As the company grows more (or even as the ERP software just needs updating), you can guess what the process looks like. This level of customization is like crack – once you get hooked, you cannot get off the stuff. And by the way, once you are hooked, you are never changing vendors. That $60M looks cheap compared to what you are in for next.
An interesting aside – though I will never find the link, when we were going through this hell at Juniper, one of the change management specialists talked about how Apple was going with an out-of-box experience with SAP. They were doing away with customization precisely because of all the pain it caused and because it prevented them from putting price pressure on their ERP vendors (lock-in can be a powerful way to make sure your discounts go away).
The point of this story is that the software vendors (Oracle and SAP in this case) will happily give you the customization you want. They will make every field special to just you. Because they know that once you have tailored your surrounding systems and processes to their products, you aren't ever leaving them.
Networking is not that different. Every networking vendor's roadmap is littered with one-off requests. At Juniper, we called these Feature Velocity requests.
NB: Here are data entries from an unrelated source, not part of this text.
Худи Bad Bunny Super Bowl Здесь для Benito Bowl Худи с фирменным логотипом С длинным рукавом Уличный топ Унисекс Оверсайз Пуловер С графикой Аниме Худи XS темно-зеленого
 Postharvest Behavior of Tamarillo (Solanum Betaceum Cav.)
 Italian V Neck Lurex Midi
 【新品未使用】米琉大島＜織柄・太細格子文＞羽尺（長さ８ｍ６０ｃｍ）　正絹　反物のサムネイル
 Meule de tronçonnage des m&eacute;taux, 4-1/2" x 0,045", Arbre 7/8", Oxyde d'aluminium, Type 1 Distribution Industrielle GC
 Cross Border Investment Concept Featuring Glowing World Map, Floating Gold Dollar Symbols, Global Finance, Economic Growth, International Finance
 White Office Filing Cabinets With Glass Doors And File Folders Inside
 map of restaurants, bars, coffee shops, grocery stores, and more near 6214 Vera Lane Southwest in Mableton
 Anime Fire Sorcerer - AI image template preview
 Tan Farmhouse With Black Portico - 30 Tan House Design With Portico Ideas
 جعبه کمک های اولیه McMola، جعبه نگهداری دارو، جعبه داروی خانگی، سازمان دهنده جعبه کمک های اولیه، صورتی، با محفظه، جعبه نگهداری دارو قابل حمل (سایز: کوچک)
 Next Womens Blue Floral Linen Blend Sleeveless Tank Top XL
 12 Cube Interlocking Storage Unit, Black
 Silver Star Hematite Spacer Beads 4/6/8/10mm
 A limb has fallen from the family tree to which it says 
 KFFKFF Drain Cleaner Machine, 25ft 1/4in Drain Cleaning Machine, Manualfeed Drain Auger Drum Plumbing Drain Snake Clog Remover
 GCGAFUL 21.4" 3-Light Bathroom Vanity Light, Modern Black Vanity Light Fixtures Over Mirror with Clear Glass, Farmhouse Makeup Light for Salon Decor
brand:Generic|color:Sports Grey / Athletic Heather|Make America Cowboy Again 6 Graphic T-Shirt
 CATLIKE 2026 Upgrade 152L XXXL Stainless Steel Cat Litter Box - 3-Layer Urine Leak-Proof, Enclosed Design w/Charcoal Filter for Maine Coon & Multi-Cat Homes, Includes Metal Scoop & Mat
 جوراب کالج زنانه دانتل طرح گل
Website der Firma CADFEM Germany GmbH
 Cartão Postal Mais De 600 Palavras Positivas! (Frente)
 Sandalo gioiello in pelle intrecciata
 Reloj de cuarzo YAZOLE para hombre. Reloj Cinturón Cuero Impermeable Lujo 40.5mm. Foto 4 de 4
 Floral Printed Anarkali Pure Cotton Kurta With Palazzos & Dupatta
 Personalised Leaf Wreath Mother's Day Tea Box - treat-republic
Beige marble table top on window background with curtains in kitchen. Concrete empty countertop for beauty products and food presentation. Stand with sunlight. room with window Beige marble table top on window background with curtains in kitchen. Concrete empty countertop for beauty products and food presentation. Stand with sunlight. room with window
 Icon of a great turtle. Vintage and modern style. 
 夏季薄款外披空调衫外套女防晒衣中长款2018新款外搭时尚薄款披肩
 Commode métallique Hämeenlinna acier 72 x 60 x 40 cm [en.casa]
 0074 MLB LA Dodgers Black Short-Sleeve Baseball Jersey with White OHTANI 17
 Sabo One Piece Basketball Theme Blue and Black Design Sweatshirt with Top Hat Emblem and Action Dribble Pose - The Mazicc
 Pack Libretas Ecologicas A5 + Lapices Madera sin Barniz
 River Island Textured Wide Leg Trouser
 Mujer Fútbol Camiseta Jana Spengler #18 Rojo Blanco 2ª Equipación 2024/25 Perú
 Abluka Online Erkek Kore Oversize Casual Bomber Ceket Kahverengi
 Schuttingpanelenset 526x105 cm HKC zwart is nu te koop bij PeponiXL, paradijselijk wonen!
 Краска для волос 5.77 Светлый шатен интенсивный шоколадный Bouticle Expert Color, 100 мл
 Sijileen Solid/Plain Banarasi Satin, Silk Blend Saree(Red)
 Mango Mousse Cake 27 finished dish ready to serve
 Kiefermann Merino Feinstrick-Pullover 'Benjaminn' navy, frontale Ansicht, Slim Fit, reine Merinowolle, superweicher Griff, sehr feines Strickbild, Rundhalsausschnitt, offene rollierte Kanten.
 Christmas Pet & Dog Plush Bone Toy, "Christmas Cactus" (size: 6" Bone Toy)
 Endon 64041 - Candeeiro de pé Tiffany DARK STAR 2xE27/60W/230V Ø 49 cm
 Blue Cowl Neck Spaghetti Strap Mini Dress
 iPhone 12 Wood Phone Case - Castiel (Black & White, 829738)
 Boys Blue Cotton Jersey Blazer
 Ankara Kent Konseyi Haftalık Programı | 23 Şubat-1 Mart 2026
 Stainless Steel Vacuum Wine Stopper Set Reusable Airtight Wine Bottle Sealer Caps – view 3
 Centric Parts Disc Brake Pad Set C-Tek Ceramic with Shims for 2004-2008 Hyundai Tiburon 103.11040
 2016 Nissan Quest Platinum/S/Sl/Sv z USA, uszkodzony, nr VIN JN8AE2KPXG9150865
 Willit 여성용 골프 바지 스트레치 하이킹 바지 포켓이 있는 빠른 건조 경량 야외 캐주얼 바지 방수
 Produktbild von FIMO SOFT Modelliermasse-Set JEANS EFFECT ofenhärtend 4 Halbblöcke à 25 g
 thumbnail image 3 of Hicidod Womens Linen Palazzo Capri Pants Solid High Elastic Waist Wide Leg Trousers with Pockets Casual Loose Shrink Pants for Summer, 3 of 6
No account team can get enough of them, every customer deal hinges on one or two of these. They are generally knobs, tweaks, subtle changes in behavior. They aren't typically huge new technologies. But every time you deploy one of these little tweaks and build your operational processes around it, you get a little more sucked into vendor lock-in.
Think about it this way: lock-in basically means that there is no other device that is a functional equivalent. That is to say that you cannot swap one vendor's gear for another because it won't operate the same way in your environment. The tricky part is that it is not a single feature that is the culprit; it is the combinatorial effect of whatever features you have collectively deployed. You can likely find multiple vendors that support (or are capable of supporting) a particular feature, but you need to find a vendor that supports the exact combination of features you are relying on. The superset problem limits your choices to a small number (maybe just one) of vendors.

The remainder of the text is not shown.